Supplied entries ::

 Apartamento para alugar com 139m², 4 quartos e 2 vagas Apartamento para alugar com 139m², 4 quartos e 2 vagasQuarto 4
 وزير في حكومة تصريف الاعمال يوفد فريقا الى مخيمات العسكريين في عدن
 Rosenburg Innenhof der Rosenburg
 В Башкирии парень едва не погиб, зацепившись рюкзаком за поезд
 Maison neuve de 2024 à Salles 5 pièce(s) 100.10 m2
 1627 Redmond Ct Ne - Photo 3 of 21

--

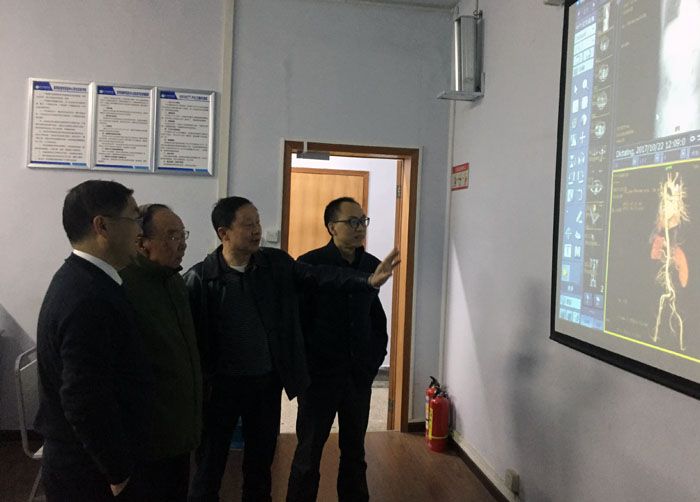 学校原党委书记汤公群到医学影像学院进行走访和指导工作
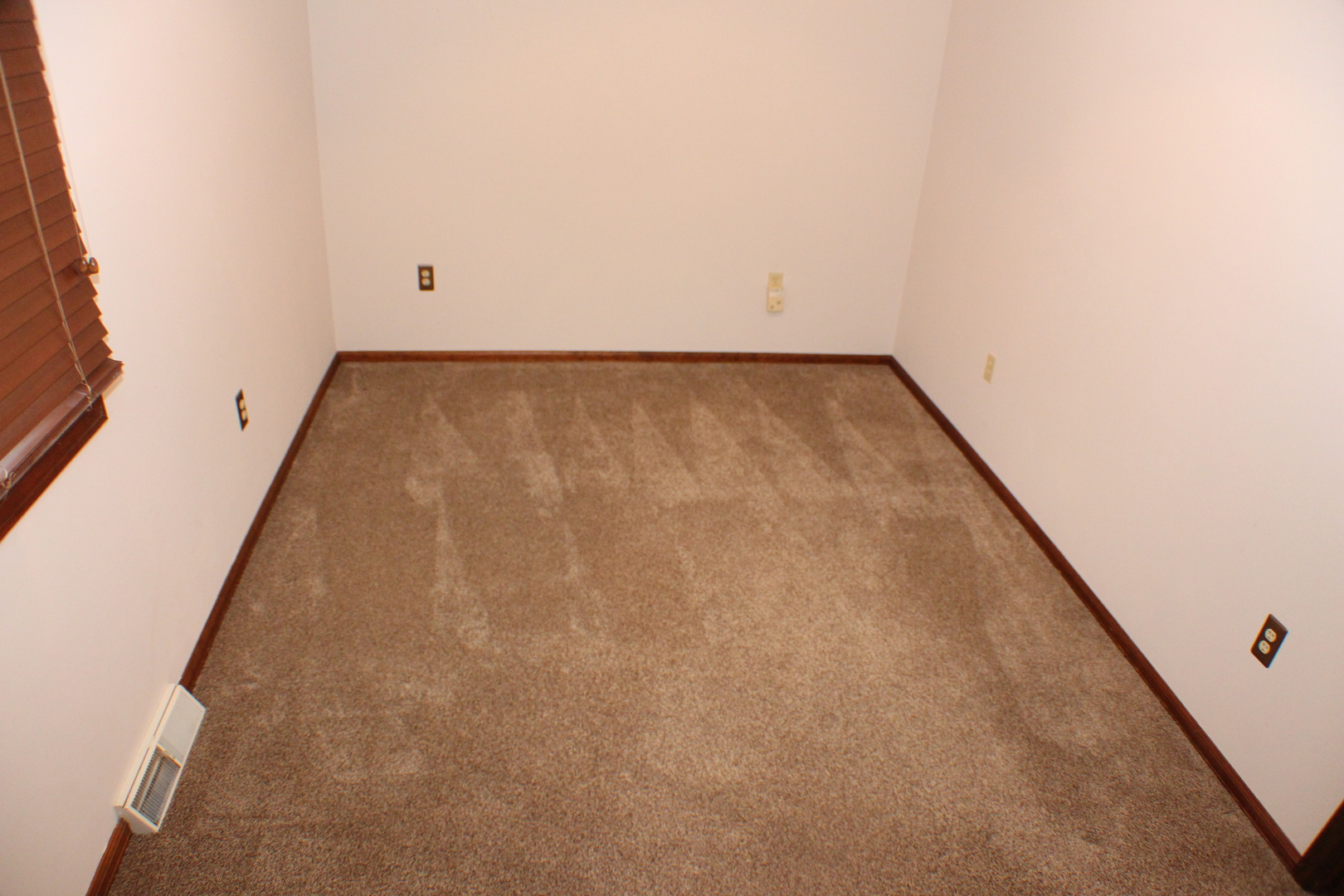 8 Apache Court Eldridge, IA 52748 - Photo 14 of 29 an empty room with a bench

Task item ::
Repeat exactly the stretch of the listing above that starts with the line holding "学校原党委书记汤公群到医学影像学院进行走访和指导工作" and finishes with the line holding "8 Apache Court", both included. Skip every picture.

Response ::
 学校原党委书记汤公群到医学影像学院进行走访和指导工作
 8 Apache Court Eldridge, IA 52748 - Photo 14 of 29 an empty room with a bench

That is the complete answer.